Due to the fact that Cleveland-Cliffs Inc (NYSE:CLF) has experienced falling interest from hedge fund managers, logic holds that there is a sect of funds who sold off their positions entirely heading into Q4. It’s worth mentioning that Ben Levine, Andrew Manuel and Stefan Renold’s LMR Partners cut the largest stake of the 750 funds watched by Insider Monkey, totaling about $31.9 million in stock. Todd J. Kantor’s fund, Encompass Capital Advisors, also cut its stock, about $12.4 million worth. These bearish behaviors are interesting, as total hedge fund interest dropped by 8 funds heading into Q4.

Let’s now take a look at hedge fund activity in other stocks – not necessarily in the same industry as Cleveland-Cliffs Inc (NYSE:CLF) but similarly valued.

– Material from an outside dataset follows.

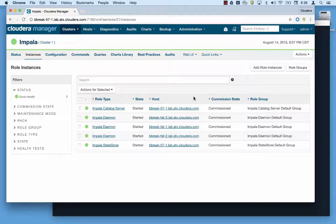In this video we're going to review how to capture a stacktrace and core dump from a currently running Impala daemon.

We will take a look at ServisFirst Bancshares, Inc. (NASDAQ:SFBS), Phoenix Tree Holdings Limited (NYSE:DNK), National Vision Holdings, Inc. (NASDAQ:EYE), and LexinFintech Holdings Ltd. (NASDAQ:LX). This group of stocks’ market caps are similar to CLF’s market cap.

Ticker No of HFs with positions Total Value of HF Positions (x1000) Change in HF Position
SFBS 10 10012 1
DNK 3 21532 3
EYE 14 199114 -1
LX 17 39778 4
Average 11 67609 1.75

View table here if you experience formatting issues.

As you can see these stocks had an average of 11 hedge funds with bullish positions and the average amount invested in these stocks was $68 million. That figure was $77 million in CLF’s case. LexinFintech Holdings Ltd. (NASDAQ:LX) is the most popular stock in this table. On the other hand Phoenix Tree Holdings Limited (NYSE:DNK) is the least popular one with only 3 bullish hedge fund positions. Compared to these stocks Cleveland-Cliffs Inc (NYSE:CLF) is more popular among hedge funds. Our calculations showed that top 10 most popular stocks among hedge funds returned 41.4% in 2019 and outperformed the S&P 500 ETF (SPY) by 10.1 percentage points. These stocks returned 13.9% in 2020 through June 10th but still managed to beat the market by 14.2 percentage points. Hedge funds were also right about betting on CLF as the stock returned 69.5% so far in Q2 (through June 10th) and outperformed the market by an even larger margin. Hedge funds were clearly right about piling into this stock relative to other stocks with similar market capitalizations.